She looked thoughtful. “I would feel weird reading about your previous relationships or you sharing those stories with our friends. I like the end result; I don’t need to know the recipe.”


I understand that. She is a very private person. She might no longer feel special. Although it was because of all my previous experiences that she might know how special she really is, how trust allowed our love to flourish and grow.


My partner’s desire for privacy is but one of the reasons I chose to write under a pen name. As I contacted old lovers from that time and shared with them drafts of what I’d written, I realized I needed to protect their privacy too. Like Cass who subsequently married a man and never told him she once had a lesbian lover.

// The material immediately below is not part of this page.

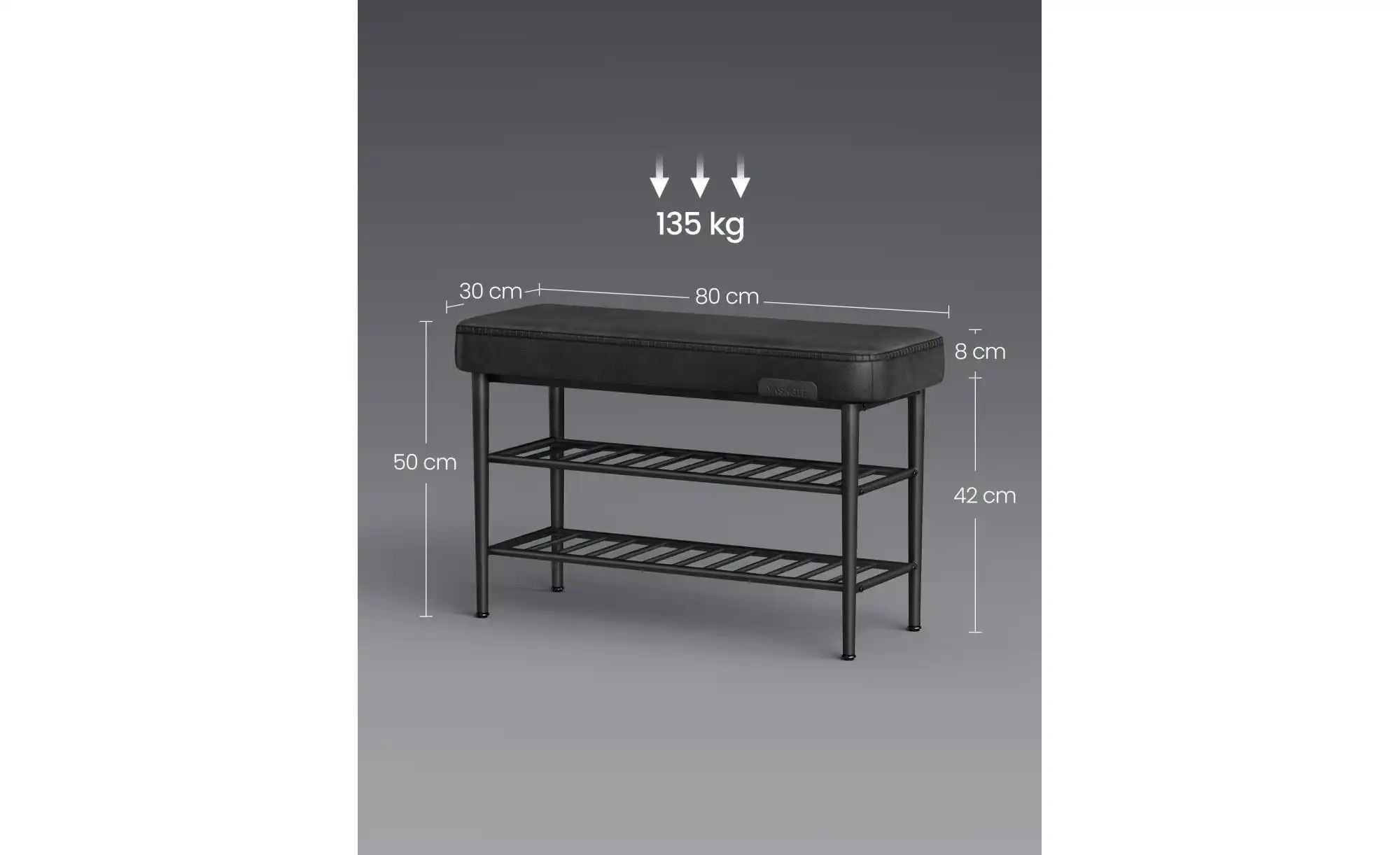 Thumbnail - Schuhregal Ekho ¦ schwarz ¦ Maße (cm): B: 80 H: 50 Regale > Schuhregale - Höffner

Or Gillian who resisted any possibility that she might be attracted to a woman. And Dani who tested my limits for free-wheeling non-monogamy. Their names are changed too.


I have written about an era of personal growth that does not show me in the best light. I was a flawed and complicated young woman. The pen name allowed me to be very honest about what I felt and experienced coming of age in the seventies when life was very difficult for ambitious lesbians. I felt freer to write about my former self, including one chapter I found cringe-worthy. Decades later, I still carried a shame that wasn’t mine. Writing frankly about my journey helped me to let it go.


Who I was then will be fixed in a reader’s mind though now, decades later, I am a very different person. My pen name is not a cop-out. It is all there in my memoir. It simply allows me to tell my truth without hurting those I love.